One year after a controversial DNA test, the 2020 contender gets forgiveness in Iowa.

SIOUX CITY, Iowa –– Nearly a year after Sen. Elizabeth Warren commissioned a DNA test to “prove” her Native American ancestry, she asked tribal leaders for forgiveness.

And it worked.

“I want to say this: Like anyone who’s being honest with themselves, I know that I have made mistakes. I am sorry for the harm I have caused. I have listened, and I have learned a lot,” the Democratic senator from Massachusetts said immediately after taking the stage at a presidential candidate forum in Sioux City on Monday dedicated to Native American issues.


“I am grateful for the many conversations we’ve had together. It’s a great honor to partner with Indian Country,” she said.

Ever since that DNA test, Warren has fought criticism that she’s a fair-weather, if not tone-deaf, ally to Native American people. The move was widely panned by Native American leaders, and Warren later apologized publicly and privately to them, saying that she didn’t mean to cause “harm” to indigenous communities.

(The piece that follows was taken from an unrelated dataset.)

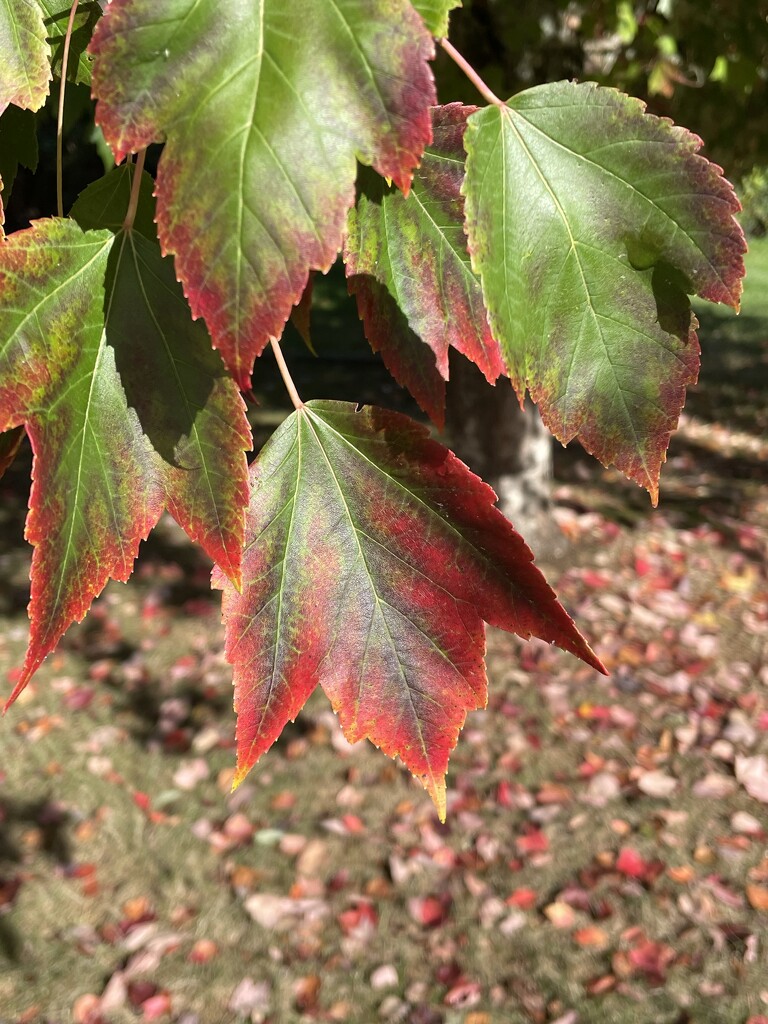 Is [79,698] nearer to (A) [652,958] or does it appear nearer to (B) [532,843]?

But at this forum, in a state where Warren has impressed Democrats with her ideas and policy credentials, all appeared to be forgiven. The panel of moderators –– tribal leaders, journalists, and lawmakers –– all greeted Warren like family at the candidates forum.

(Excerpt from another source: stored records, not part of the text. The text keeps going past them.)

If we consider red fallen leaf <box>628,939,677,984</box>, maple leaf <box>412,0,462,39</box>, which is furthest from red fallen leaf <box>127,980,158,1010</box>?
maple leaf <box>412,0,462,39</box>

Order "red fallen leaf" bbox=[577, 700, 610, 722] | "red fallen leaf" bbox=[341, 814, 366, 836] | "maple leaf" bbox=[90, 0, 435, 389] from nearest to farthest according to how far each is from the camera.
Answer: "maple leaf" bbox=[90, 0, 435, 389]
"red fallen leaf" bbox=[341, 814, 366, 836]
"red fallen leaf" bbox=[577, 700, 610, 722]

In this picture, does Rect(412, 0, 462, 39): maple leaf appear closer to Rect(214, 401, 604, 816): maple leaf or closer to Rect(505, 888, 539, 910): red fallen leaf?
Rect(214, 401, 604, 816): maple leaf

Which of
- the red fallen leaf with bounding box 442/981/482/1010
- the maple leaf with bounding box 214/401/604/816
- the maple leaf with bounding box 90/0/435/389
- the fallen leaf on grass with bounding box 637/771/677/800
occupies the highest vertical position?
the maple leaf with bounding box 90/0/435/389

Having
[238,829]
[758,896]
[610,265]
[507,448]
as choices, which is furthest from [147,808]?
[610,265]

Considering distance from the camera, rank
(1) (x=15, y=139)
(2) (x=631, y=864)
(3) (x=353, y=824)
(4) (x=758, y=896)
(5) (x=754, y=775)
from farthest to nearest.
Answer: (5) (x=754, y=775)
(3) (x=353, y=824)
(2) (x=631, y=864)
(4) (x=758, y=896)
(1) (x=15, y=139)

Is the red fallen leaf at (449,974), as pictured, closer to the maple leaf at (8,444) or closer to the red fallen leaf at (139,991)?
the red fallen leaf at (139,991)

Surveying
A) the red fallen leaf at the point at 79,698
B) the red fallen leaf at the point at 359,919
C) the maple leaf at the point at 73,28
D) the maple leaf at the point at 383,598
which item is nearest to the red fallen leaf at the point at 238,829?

“I just got a hug from the next president of the United States,” one moderator said, presumably irking the seven other Democratic candidates scheduled to appear next.

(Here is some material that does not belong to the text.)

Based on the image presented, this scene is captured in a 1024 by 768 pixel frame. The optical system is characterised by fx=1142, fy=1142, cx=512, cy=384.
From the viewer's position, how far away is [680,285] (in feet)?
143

Another referred to her as “Madame President.”

And when Warren stepped out on stage, she received a standing ovation.

Seeing her star rise in national polls –– Warren now sits comfortably in second place behind former Vice President Joe Biden –– the senator has aggressively worked to be “a good partner” and ally to Native Americans.

A 9,000-word plan

That has included weeks of wooing Native American leaders and publishing a 9,000-word policy plan that proposes making major investments into infrastructure on tribal lands, and adding Cabinet-level positions dedicated to representing the political and economic interests of Native American tribes.

Warren also proposed revoking permits for the Keystone XL and Dakota Access pipelines, two projects that Native American tribes say will disrupt their water systems and sacred ancestral land, and creating a national alert system for missing indigenous women, who are murdered at a rate 10 times the national average.


READ: Elizabeth Warren wants to save black mothers’ lives. Here’s what experts think.

“Over and over, I’m struck by the women who go missing and it doesn’t make a headline for a week or month,” Warren said on Monday. “A problem that is not seen is a problem that is not fixed.” On the pipelines, she said, “the permits should not have been issued in the first place.”

And for attendees of the forum, all that work appeared to pay off.

“Elizabeth knows she’ll be attacked, but she’s here to be an unwavering partner in our struggle, because that’s what a leader does,” said Deb Haaland (D-NM), one of the first Native American women elected to Congress, and who has stumped for Warren this campaign season, to thunderous applause. “I say the president who worships Andrew Jackson, who coddles white supremacists, is no match for a woman with a plan.”

“Where is your destination, Mrs. Warren? Where are you headed?” one tribal leader asked Warren partway through the panel.

She responded with an impish smile: “To the White House?”

The crowd erupted in cheers.

“My family stories”

Warren, an Oklahoma native, has claimed Native American heritage for decades, saying she grew up hearing stories from her parents about her Native American ancestors.

"These are my family stories. This is what my brothers and I were told by my mom and my dad, my mammaw and my pappaw. This is our lives. And I'm very proud of it," Warren said in 2012.


READ: Who's More Left?: 4 Key Differences Between Bernie and Warren

The issue came to a head during her 2012 run for the Senate, when Republican opponent Scott Brown said that Warren had falsely claimed Native American heritage to further her career.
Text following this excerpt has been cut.